» **Problem statement**: Reproduce the entries exactly as they appear below.
*** Opening of Available data ***
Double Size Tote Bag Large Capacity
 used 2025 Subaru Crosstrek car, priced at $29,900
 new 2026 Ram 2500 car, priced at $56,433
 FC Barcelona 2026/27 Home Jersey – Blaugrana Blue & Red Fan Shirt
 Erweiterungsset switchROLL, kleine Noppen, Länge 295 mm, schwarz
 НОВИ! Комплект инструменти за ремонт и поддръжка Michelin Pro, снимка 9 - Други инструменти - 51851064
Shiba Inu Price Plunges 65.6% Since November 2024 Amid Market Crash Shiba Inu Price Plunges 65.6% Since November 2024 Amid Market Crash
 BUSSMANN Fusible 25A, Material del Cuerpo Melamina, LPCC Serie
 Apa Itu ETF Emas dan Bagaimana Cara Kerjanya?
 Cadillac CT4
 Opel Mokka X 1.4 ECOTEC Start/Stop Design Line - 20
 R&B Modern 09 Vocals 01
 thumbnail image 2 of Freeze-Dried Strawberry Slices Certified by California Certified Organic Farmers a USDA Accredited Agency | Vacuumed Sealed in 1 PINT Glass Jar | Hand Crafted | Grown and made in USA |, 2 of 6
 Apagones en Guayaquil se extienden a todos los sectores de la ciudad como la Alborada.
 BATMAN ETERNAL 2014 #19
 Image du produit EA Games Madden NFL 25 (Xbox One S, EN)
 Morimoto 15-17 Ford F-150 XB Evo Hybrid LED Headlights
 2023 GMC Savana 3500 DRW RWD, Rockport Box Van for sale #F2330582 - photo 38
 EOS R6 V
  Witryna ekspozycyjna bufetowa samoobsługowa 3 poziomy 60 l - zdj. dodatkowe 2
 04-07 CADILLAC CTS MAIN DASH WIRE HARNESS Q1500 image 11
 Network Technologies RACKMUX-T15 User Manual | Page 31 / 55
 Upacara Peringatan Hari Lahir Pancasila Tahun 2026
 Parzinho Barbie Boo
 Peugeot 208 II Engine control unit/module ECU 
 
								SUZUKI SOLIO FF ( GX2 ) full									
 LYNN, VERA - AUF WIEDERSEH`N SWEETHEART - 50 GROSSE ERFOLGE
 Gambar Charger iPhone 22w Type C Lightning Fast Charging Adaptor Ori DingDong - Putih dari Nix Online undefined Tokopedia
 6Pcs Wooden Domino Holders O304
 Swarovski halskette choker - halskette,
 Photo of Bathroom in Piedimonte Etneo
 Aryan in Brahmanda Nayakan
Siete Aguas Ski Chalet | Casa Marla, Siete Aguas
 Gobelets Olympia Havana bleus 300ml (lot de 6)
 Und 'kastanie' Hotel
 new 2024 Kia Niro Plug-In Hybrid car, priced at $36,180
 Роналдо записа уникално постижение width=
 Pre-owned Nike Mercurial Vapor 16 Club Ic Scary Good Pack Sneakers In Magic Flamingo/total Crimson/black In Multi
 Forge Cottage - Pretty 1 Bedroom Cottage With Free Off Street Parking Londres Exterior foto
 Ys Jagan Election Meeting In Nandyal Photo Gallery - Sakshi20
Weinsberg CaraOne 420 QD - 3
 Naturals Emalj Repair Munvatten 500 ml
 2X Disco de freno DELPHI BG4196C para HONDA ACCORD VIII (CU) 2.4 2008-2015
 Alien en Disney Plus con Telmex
*** Close of Available data ***
» **Answer area**:
Double Size Tote Bag Large Capacity
 used 2025 Subaru Crosstrek car, priced at $29,900
 new 2026 Ram 2500 car, priced at $56,433
 FC Barcelona 2026/27 Home Jersey – Blaugrana Blue & Red Fan Shirt
 Erweiterungsset switchROLL, kleine Noppen, Länge 295 mm, schwarz
 НОВИ! Комплект инструменти за ремонт и поддръжка Michelin Pro, снимка 9 - Други инструменти - 51851064
Shiba Inu Price Plunges 65.6% Since November 2024 Amid Market Crash Shiba Inu Price Plunges 65.6% Since November 2024 Amid Market Crash
 BUSSMANN Fusible 25A, Material del Cuerpo Melamina, LPCC Serie
 Apa Itu ETF Emas dan Bagaimana Cara Kerjanya?
 Cadillac CT4
 Opel Mokka X 1.4 ECOTEC Start/Stop Design Line - 20
 R&B Modern 09 Vocals 01
 thumbnail image 2 of Freeze-Dried Strawberry Slices Certified by California Certified Organic Farmers a USDA Accredited Agency | Vacuumed Sealed in 1 PINT Glass Jar | Hand Crafted | Grown and made in USA |, 2 of 6
 Apagones en Guayaquil se extienden a todos los sectores de la ciudad como la Alborada.
 BATMAN ETERNAL 2014 #19
 Image du produit EA Games Madden NFL 25 (Xbox One S, EN)
 Morimoto 15-17 Ford F-150 XB Evo Hybrid LED Headlights
 2023 GMC Savana 3500 DRW RWD, Rockport Box Van for sale #F2330582 - photo 38
 EOS R6 V
  Witryna ekspozycyjna bufetowa samoobsługowa 3 poziomy 60 l - zdj. dodatkowe 2
 04-07 CADILLAC CTS MAIN DASH WIRE HARNESS Q1500 image 11
 Network Technologies RACKMUX-T15 User Manual | Page 31 / 55
 Upacara Peringatan Hari Lahir Pancasila Tahun 2026
 Parzinho Barbie Boo
 Peugeot 208 II Engine control unit/module ECU 
 
								SUZUKI SOLIO FF ( GX2 ) full									
 LYNN, VERA - AUF WIEDERSEH`N SWEETHEART - 50 GROSSE ERFOLGE
 Gambar Charger iPhone 22w Type C Lightning Fast Charging Adaptor Ori DingDong - Putih dari Nix Online undefined Tokopedia
 6Pcs Wooden Domino Holders O304
 Swarovski halskette choker - halskette,
 Photo of Bathroom in Piedimonte Etneo
 Aryan in Brahmanda Nayakan
Siete Aguas Ski Chalet | Casa Marla, Siete Aguas
 Gobelets Olympia Havana bleus 300ml (lot de 6)
 Und 'kastanie' Hotel
 new 2024 Kia Niro Plug-In Hybrid car, priced at $36,180
 Роналдо записа уникално постижение width=
 Pre-owned Nike Mercurial Vapor 16 Club Ic Scary Good Pack Sneakers In Magic Flamingo/total Crimson/black In Multi
 Forge Cottage - Pretty 1 Bedroom Cottage With Free Off Street Parking Londres Exterior foto
 Ys Jagan Election Meeting In Nandyal Photo Gallery - Sakshi20
Weinsberg CaraOne 420 QD - 3
 Naturals Emalj Repair Munvatten 500 ml
 2X Disco de freno DELPHI BG4196C para HONDA ACCORD VIII (CU) 2.4 2008-2015
 Alien en Disney Plus con Telmex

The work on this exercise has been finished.